前回は、カイ二乗分布を使った分散(つまり”ばらつき”)の検定方法について解説しました。
「カイ二乗分布って、ばらつきの検定しか出来ない?F検定で十分じゃない?」
いえいえ、カイ二乗分布の働きどころはそこだけじゃありません。
分散の推定、それを利用した標準偏差のサンプルサイズの導出、そして適合度の検定など出来る事は非常に多いです。

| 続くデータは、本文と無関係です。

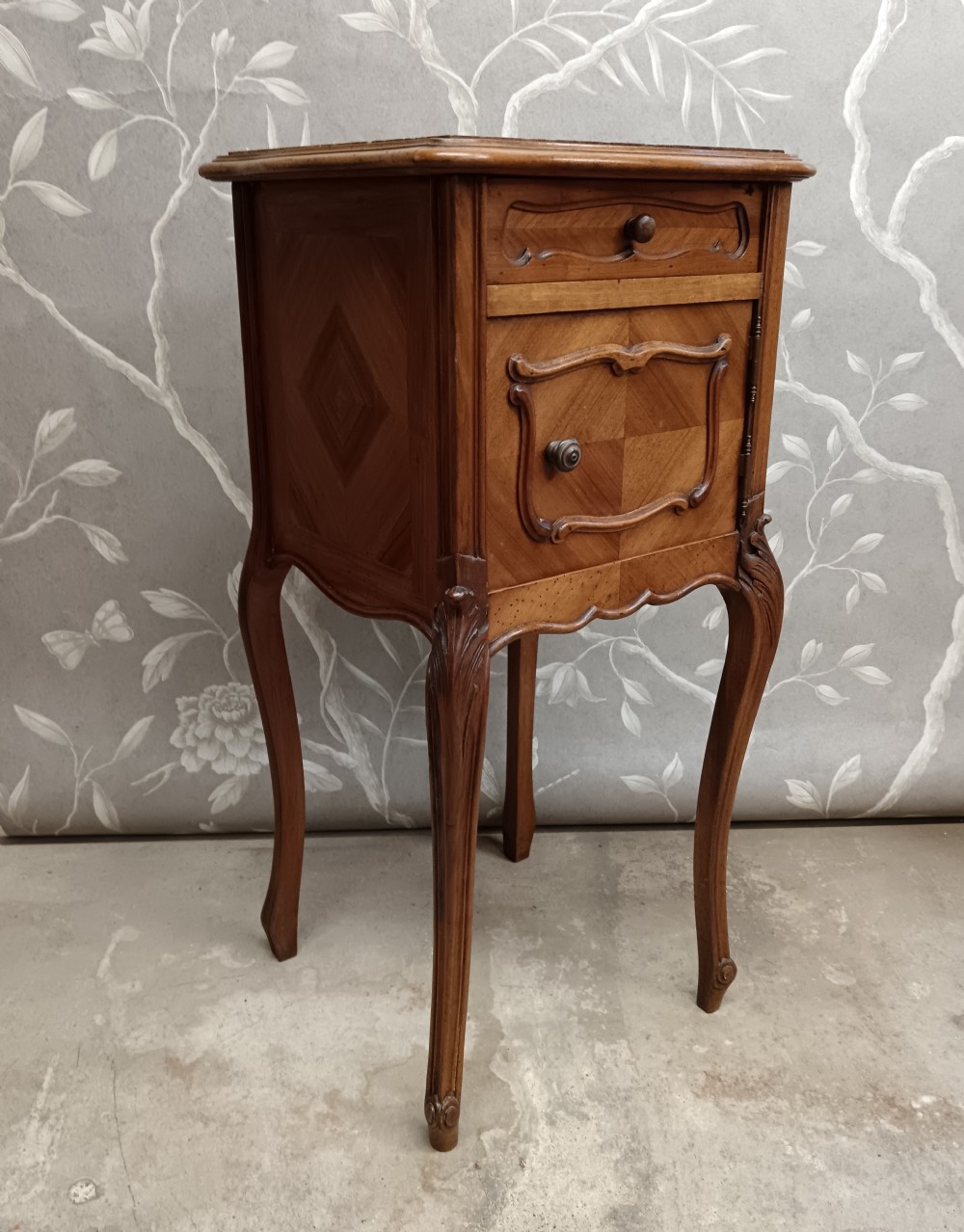 A late 19th-century French walnut bedside cabinet featuring slender cabriole legs, a single top drawer, a cupboard door with parquetry inlay, and carved mouldings. View III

という事で、今回は適合度の検定について、解説いたします。
今回はこちらの本を元に解説しています。
適合度の検定とは?
分布に対しての適合ぶりをみる検定
さて、いきなり出てきた適合度という単語。
これは一体、何に対しての適合を言っているのか?
ここでいう適合というのは、経験的に観察された分布(サンプリングデータが描く分布)と、特定の分布がよく一致しているかを指しています。
つまり分布と分布の適合です。
扱う問題としては、例えばある実験結果の分布は、想定した分布に一致しているか。
・一致していない場合は想定が間違えているか、
・それとも一致を妨げている数値には実験中異常があったか、
・想定していない交互作用でもあったのか。
以上のような疑問がわいて、次の実験、検証につながっていったりします。
あるいはある地方の自動車メーカー別の市場シェアは、実際に調査した駐車場での観察結果と一致しているか。
・シェアの情報は実は間違っているかも?
・駐車場の選択が間違っているかも(旅行者がよく止める駐車場だったとか)?
など、市場情報の裏取りにも利用出来たりもします。
分布の適合と聞くと、何に使えるか一見分かりづらいですが、要は想定が本当に正しいのかを確認するための手法と捉えれば、使い道はかなりありそうですね。

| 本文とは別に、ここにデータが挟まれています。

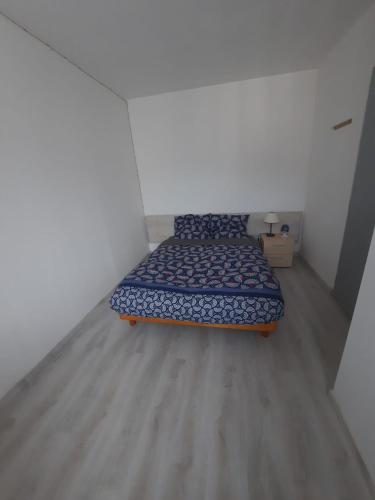 a small bedroom with a bed in a room at Appartements et studios du Pilat in Saint-Julien-Molin-Molette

それでは、実際の検討方法について一緒に見ていきましょう。
前提条件
経験的な分布と想定している分布が、ともに度数分布で表されているとして、各級の度数をfk及びfk*(k=1,2,…,m)とした場合、
$$x^2=\sum_{k=1}^{m}{[\frac{(f_k-f_k^*)^2}{f_k^*}]}$$
は自由度m-1のカイ二乗分布します。
これはヒストグラムの各級のバーの高さが、すべて一致したらfk-fk*は0になるということで、つまり分布の適合率が高いと、x2は小さくなるということを示しています。
検定方法
基本的には、先ほどの前提条件を利用して算出したx2を使って、以前紹介した分散の検定と同様の進め方をすればいいだけです。
検定についてご存じない方は、こちらを先にご覧になっていただくと、理解が深まると思います。

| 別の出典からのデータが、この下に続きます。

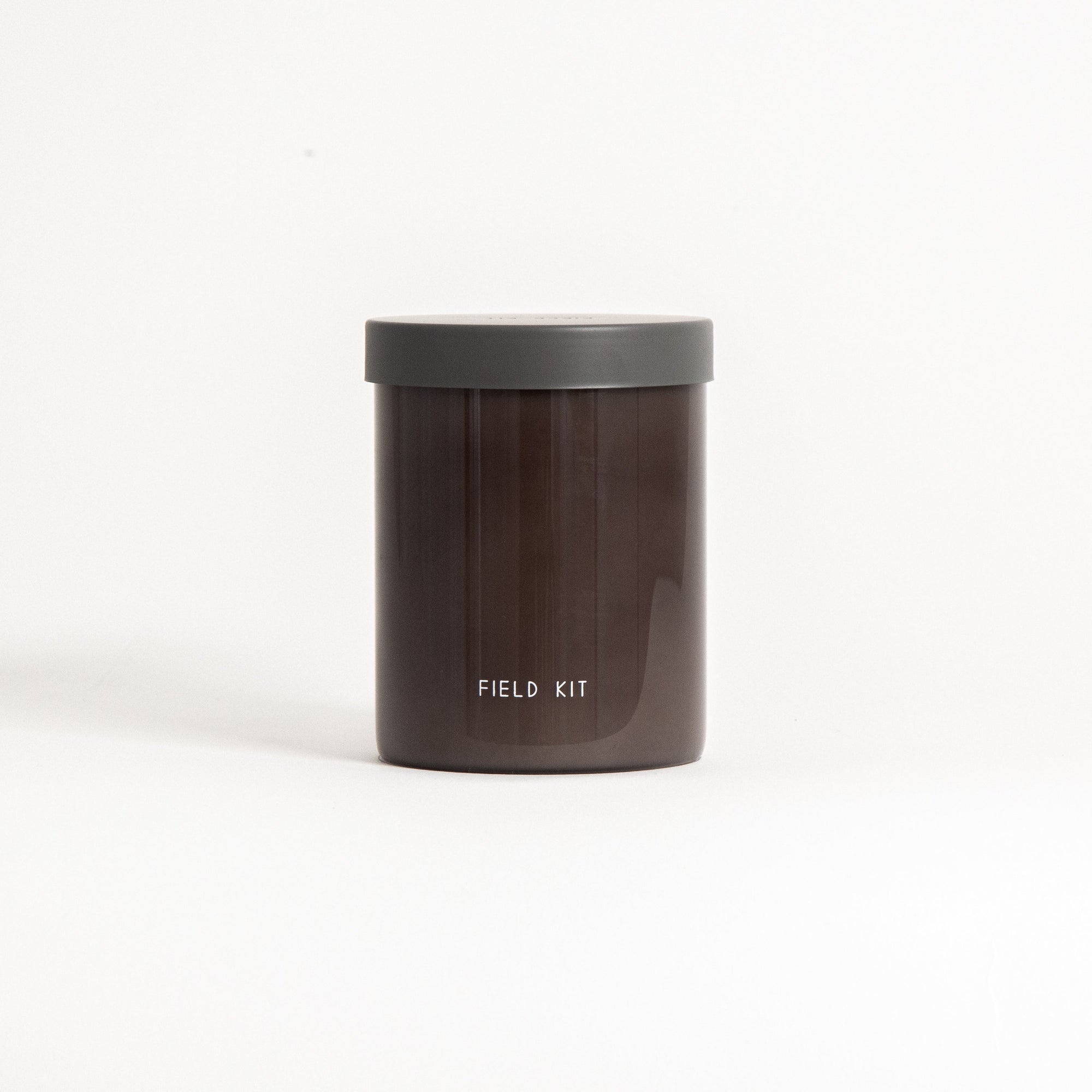A reusable glass jar candle with a dark label and the brand 'Field Kit' visible on the front.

これだけだと、ピンと来ないと思いますので、例題で考えてみましょう。
自動車メーカーの市場シェアで考えてみます。
自動車メーカー、A、B、C、その他があるとします。それぞれのある地方での市場シェアはA社35%、B社30%、C社20%、その他15%とされています。
さてその地方の駐車場に駐車してある車380台について調べたところ、A社110台、B社123台、C社95台、その他52台でした。
ここで駐車場の情報を元に、市場シェアが正しいか検討するとします。
まずは380台が実際に市場シェア通りに分かれたとすると
以上のような表の関係になります。
ここで帰無仮説は、市場シェアと駐車場の分布は一致しているです。
有意水準は5%とします。
次にx02を算出します。
$$x^2_0=\frac{(110-133)^2}{133}+\frac{(123-114)^2}{114}+\frac{(95-76)^2}{76}+\frac{(52-57)^2}{57}≒9.88$$
となります。
そして自由度は4-1=3となります。
カイ二乗分布表の自由度3、有意水準α=0.05の交点はx2=7.81になります。
そして9.88>7.81と、有意水準のx2より、算出したx02は大きいので
帰無仮説「市場シェアと駐車場の分布は一致している」は正しくないと判断されます。
つまり帰無仮説は棄却され、
「市場シェアは正しくない」
という対立仮説が採択されます。
以上が適合度の検定の一連の流れになります。
まとめ
この検定は集計値になら、どんなデータにも適用出来るので、量的変数だけでなく、質的変数にも適用出来ます。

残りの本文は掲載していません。